# It's been less than 3 weeks and he's dating again



## Is this real life?? (Jun 11, 2012)

We were together for 3 years and then poof - "I love you but I'm not in love with you." How is this possible? There are not two more compatible people on the planet. We were going through a rough patch - caught him lying and I was having a hard time getting back to trusting him. Still in the same house - I have no where to go and he won't move out. I am moving in 6 days. But we've been civil. Maybe because I'm in denial and am wishing for him to come to his senses. 

But he's started partying and not coming home. I don't even recognize him. He is absolutely nothing like the man I married. Here is the worst - he sent me at text that was meant for another woman:
"I have to go home and shower but then I would love to spend some time with you."

I was like WTF. He was all apologetic and claiming he's just being social. Right. Social is "Want to hang out later?", not "spend some time with you." I'm not an idiot.

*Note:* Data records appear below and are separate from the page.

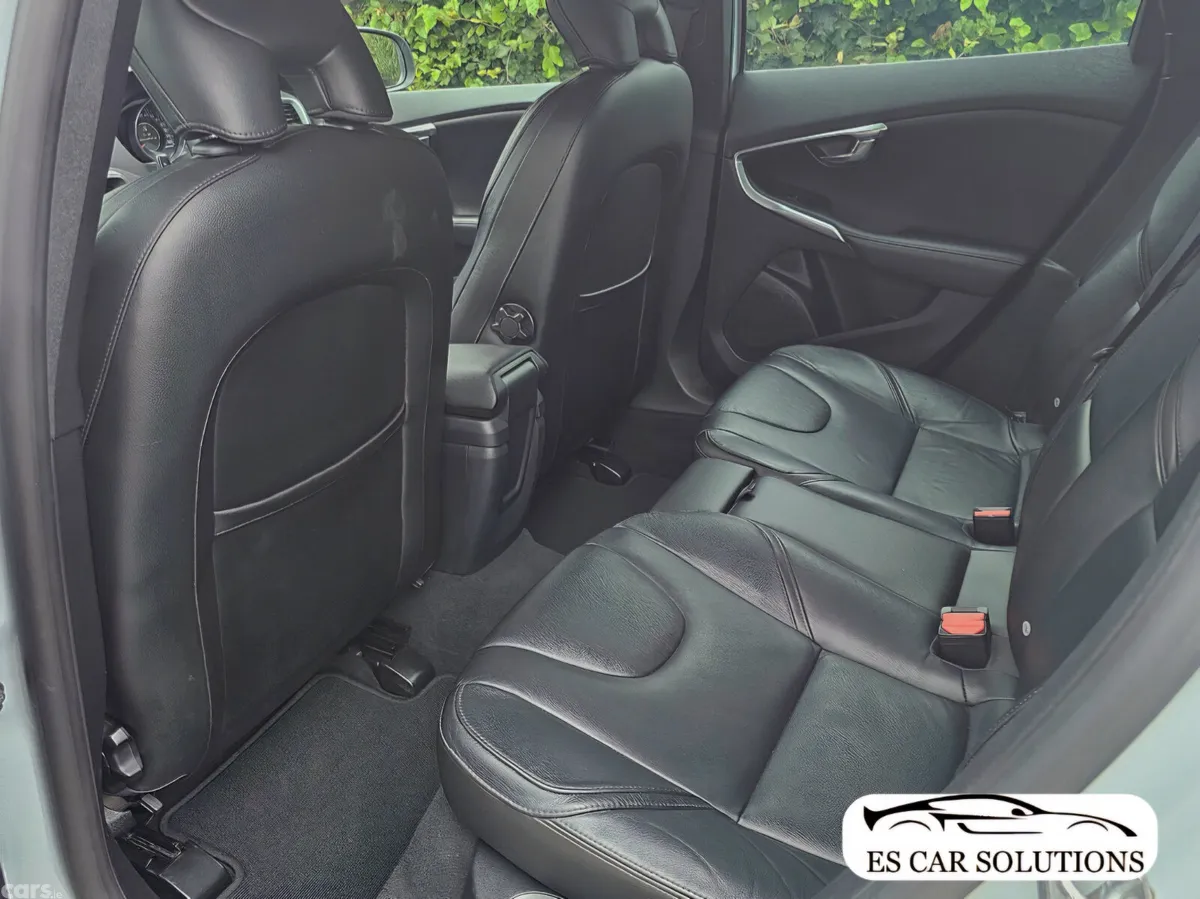 Volvo V40 Hatchback, Petrol, 2016, Grey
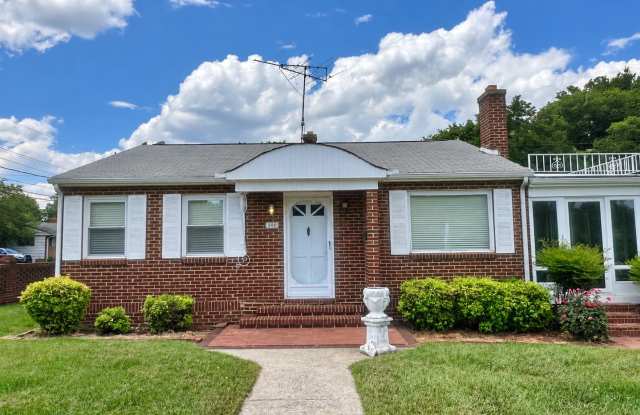 Two bedroom, 1 bath house in Graham Gallery 1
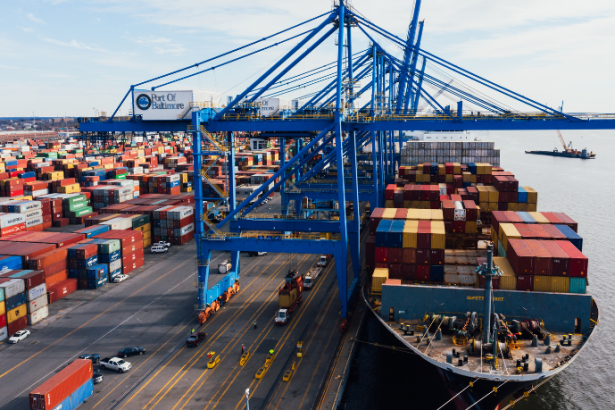 Tarifaço dos EUA pode afetar R$ 77 bilhões em exportações brasileiras, aponta CNI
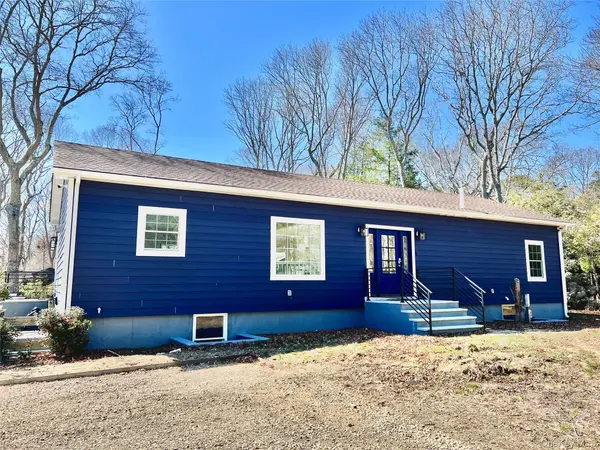 38 Railroad AVE, East Hampton, NY 11937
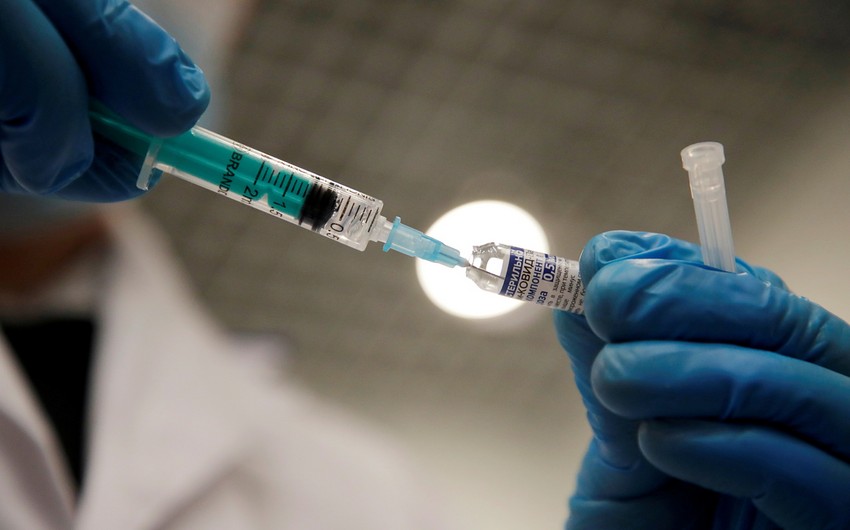 WHO urges countries to share vaccines actively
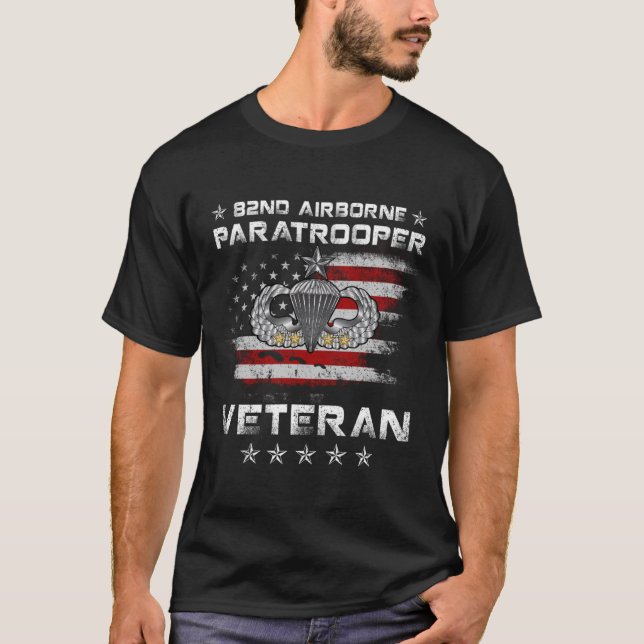 82. Im Flugzeug Paratrooper Veteran Tshirt Männer  (Vorderseite)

But its KILLING me. I love him so much and I can't seem to let go that the next 50 years of our lives will never happen. I lost my everything, my best friend, my future. He has gone back to trying to be civil and whatever. But I'm dying inside. I want to talk to him and go out to the living room and watch TV with him but I'm staying here in the bedroom because I know that he is already sleeping with somebody else. I just can't even believe this is happening. 
Please help - why can't I hate him? He deserves it. why is this happening?!?!?!?!?


----------



## sd212 (Feb 24, 2012)

You can't hate him b/c you're just not there yet. Plain and simple, you are still not seeing it clearly for what it is and won't until the time is right for you.

I spent months in your position. Until you really turn that corner, you won't see this for what it is. 

Please read everything you can here and keep posting. We've all been sitting there just like you are right now. 

It WILL get better. I know you can't believe it or see it now but it WILL!


----------



## MyselfAgain (Apr 21, 2012)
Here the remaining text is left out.